To a bassist with deeply ingrained, 34"-scale muscle memory, Taylor’s GS Mini-e Bass might feel like a ukulele at first. But size is about the only way this Taylor comes up short. The Mini-e reveals clean construction and an impeccable setup. After acclimatizing to its size, I got lost enjoying its buttery smooth neck and quick, ebony fretboard. And thanks to the D’Addario nylon-core strings made specifically for the Mini-e, the sometimes loud, zingy squeaking that can accompany the thicker roundwounds on acoustic bass guitars was held in check.

Unplugged, the 23 1/2"-scale Mini-e’s dry, woody timbre projects with impressive fullness and volume for small body. It’s plenty loud for solo practice or playing along with a couple guitarists, provided your pals use a lighter touch. Plugged in, the Mini-e came to life with a punchy thump and warmth that leans towards the darker tones of an upright, but remain articulate courtesy of the pronounced midrange.

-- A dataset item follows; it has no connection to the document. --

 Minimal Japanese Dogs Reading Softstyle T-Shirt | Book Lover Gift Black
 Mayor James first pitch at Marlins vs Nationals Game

The sounds aren’t tight and bright like some long-scale acoustic basses, but that’s exactly what I liked about it.

The Mini-e Bass is a travel-sized instrument, but it can throw down with much bigger acoustic cousins. If you’re after an acoustic bass—be it for a couch companion, an addition to your live rig, or recording tool—the Mini-e should relieve you of the need to say “super-size me.”

Test gear: Gallien-Krueger 800RB head, Orange OBC212 cab, Focusrite Scarlett 2i4


Big, upright-esque tones from a small-bodied instrument. Super-clean build. Excellent playability. Nice gig bag.

Limited to one type of strings, so don’t get caught stranded without a backup set.